The Myth: You shouldn’t use moisturiser if you have oily skin
The Truth: Moisturiser is appropriate for all skin types, you just have to find the appropriate one and apply relevantly to your type. Dermatologists say not using moisturiser can cause skin to dry out, which leads to increased oil production overall. Non-comedogenic moisturisers are best for oily skin, to keep skin hydrated but without blocking pores in the process.
The Myth: Using sunbeds clears my skin and rids it of spots
The Truth: The UV rays from sunbeds can kill off bacteria, meaning in the short-term it may look like your skin is clearing up. This isn’t recommended to treat acne though, as the temporary benefits sunbeds may have are negligible to the potential risks. UV rays from sunbeds can brown spots that cause cancer, as well as wrinkling and sagging. Seeking professional advice from a dermatologist to form a new routine is far better way to resolve breakouts and acne in the long-term.
The Myth: You don’t need to wear sunscreen if your make-up has SPF
The Truth: Your foundation may offer a little protection, but won’t be being topped up as frequently as if you used sunscreen. Your foundation should be the added layer, not the only one, so be sure to use a moisturising SPF and try to keep applying every 2 hours if you’re out in the sun.
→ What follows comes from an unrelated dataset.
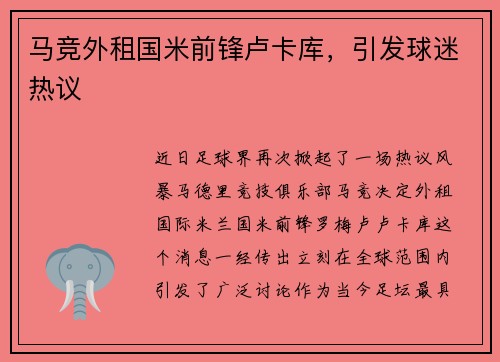 马竞外租国米前锋卢卡库，引发球迷热议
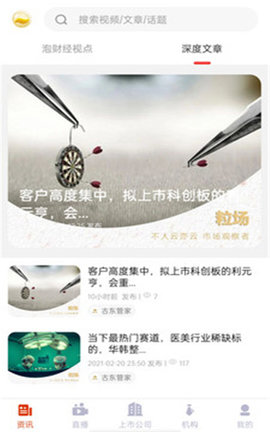 泡财经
The Myth: Face wipes are the easiest way to remove your make-up
The Truth: While face wipes can be highly convenient and were a festival must-have in your teens, they are not so great for your skin. The chemicals found in many face wipes can dry out your skin and rid it of its natural oils, leading to dryness and increased oily skin with frequent use. Face wipes are commonly single use too, so are also terrible for the environment. Invest in a good, sustainable remover that’s good for your face and the planet. We recommend Face Halo, which only requires water and is good for hundreds of reuses.
The Myth: Spots are always caused by diet
The Truth: Having a bad diet can be detrimental to your skin, but there are many other factors that also play a part in what causes breakouts. Hormones, in particular, can lead to spots around your chin. Not properly removing your make-up or cleansing your skin daily can also lead to a build up of dirt and clog your pores. In addition, diet is still important (although not the sole cause of spots). Excess consumption of dairy, meat or alcohol can lead to spot breakouts in specific areas like across your cheeks or around your jawline.
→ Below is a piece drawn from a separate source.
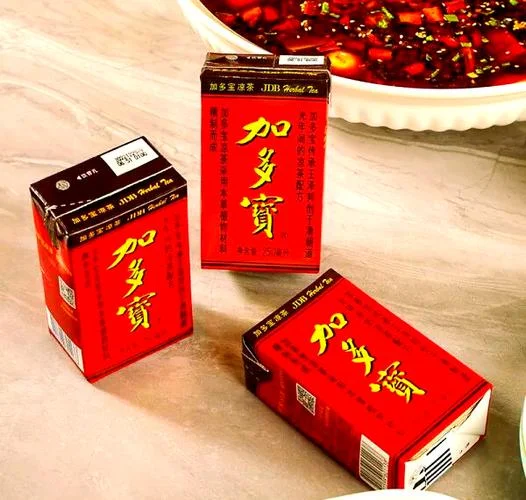 加多宝以前叫什么_1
The Myth: Drinking water can improve your skin
The Truth: This is highly debated as drinking water is known to be good for your overall health and ensures the body stays hydrated, which flushes out toxins from within. Some experts say unless you are severely dehydrated to begin with, then drinking water would not specifically boost your skin condition. Either way, drinking more water can only be beneficial as a whole, so is recommended for general health perks.
The Myth: Organic skincare products are always better for you
The Truth: Many organic ingredients can be just as harmful or helpful to your skin as artificially made ones. Depending on your skin type, you need to establish what aggravates and calms your skin and setup a range of products for your daily cleanse that suits your needs. Researching online and reading reviews from users with similar skin types are easy ways to begin figuring out your ideal ingredients, as is gaining professional advice from a proper dermatologist.
The Myth: Wearing make-up everyday makes your skin worse
The Truth: While partly true, this one does depend on the individual and their habits. Make-up can lead to more bacteria on your face, from application brushes or sponges, but if handled right isn’t a threat to your skin. If you have meticulously vetted your make-up and ensured it’s the best suited to your skin type, there is nothing wrong with wearing make-up daily. You just have to be sure you are removing it properly at the end of each day and keeping your pores clean.